*Exercise details*: Exact reproduction required: the lines below from the line with "Plymouth Voyager 1997 photo 12" to the line with "Princess Polly one", both ends included, and no others.

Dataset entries
▶
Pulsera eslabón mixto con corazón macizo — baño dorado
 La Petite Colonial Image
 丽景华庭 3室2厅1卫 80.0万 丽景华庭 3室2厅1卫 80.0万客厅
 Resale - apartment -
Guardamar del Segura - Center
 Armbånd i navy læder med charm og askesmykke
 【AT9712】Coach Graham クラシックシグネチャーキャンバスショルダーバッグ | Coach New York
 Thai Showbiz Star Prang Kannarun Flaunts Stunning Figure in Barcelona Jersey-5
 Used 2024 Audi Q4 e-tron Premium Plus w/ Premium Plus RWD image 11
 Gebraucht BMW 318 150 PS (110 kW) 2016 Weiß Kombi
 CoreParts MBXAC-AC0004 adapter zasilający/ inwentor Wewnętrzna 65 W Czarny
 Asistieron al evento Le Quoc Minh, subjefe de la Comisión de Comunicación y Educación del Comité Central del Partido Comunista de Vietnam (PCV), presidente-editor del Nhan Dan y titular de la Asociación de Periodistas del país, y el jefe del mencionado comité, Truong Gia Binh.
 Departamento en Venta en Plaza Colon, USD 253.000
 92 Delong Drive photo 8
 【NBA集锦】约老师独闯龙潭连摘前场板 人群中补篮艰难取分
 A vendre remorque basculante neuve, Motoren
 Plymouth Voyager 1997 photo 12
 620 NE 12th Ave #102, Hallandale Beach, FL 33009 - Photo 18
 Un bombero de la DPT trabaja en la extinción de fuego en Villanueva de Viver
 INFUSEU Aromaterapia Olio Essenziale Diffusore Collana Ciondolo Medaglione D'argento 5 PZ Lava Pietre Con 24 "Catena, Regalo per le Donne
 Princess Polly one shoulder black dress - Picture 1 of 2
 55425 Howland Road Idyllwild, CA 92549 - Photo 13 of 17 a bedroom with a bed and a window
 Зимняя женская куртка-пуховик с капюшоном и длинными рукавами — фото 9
◀
*Task response*:
 Plymouth Voyager 1997 photo 12
 620 NE 12th Ave #102, Hallandale Beach, FL 33009 - Photo 18
 Un bombero de la DPT trabaja en la extinción de fuego en Villanueva de Viver
 INFUSEU Aromaterapia Olio Essenziale Diffusore Collana Ciondolo Medaglione D'argento 5 PZ Lava Pietre Con 24 "Catena, Regalo per le Donne
 Princess Polly one shoulder black dress - Picture 1 of 2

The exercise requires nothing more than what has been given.